Kelsey and Morgan are 15-year-old rising 10th-graders.
Moore said he has been participating in Impact! Virginia projects for 14 years. “It’s the enjoyment of seeing homeowners and teaching young people,” he said when asked why he takes part.
Joe Busic, 17, from Shiloh Baptist Church in King George, said, “I like helping people and impacting people’s lives.”
Joe, who was home-schooled, will enter Lynchburg College in the fall, with plans to major in athletic training, he said.
“This is going to be a great improvement,” said Pastor Morrison, who is in his 80s. “It’s wonderful, awesome. That’s a beautiful gift to an old man.”
“This is called charity work,” Morrison said. He quoted the Apostle Paul in 1 Corinthians 13:13, which says (King James Version): “And now abideth faith, hope, charity, these three; but the greatest of these is charity.”
Charity is “love in action,” Morrison said.

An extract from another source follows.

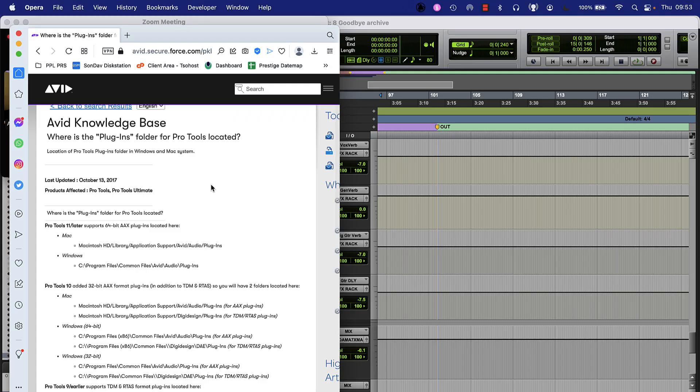There are really only two things I would add. One is: what is the location on a Windows machine? It's in C:\Program Files\Common Files\Avid Audio Plugins. Which makes total sense, because it's common to all of the users on the system, just as it is on the Mac. So every user on the same system will be able to use the same plugins, and again you're going to get a plugins folder and an unused plugins folder.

“The Apostle John tells us in his epistle (1 John 3:18, KJV): ‘My little children, let us not love in word, neither in tongue; but in deed and in truth,’” Morrison said.
Morrison said he has been pastor of Mt. Olive United Holy Church in Martinsville for about six decades. He worked for American Furniture for 18 years and for Martinsville City Public Schools for 24 years.
He said he and his wife plan to show their gratitude for the project not just in words but in deeds by holding a picnic for the volunteers.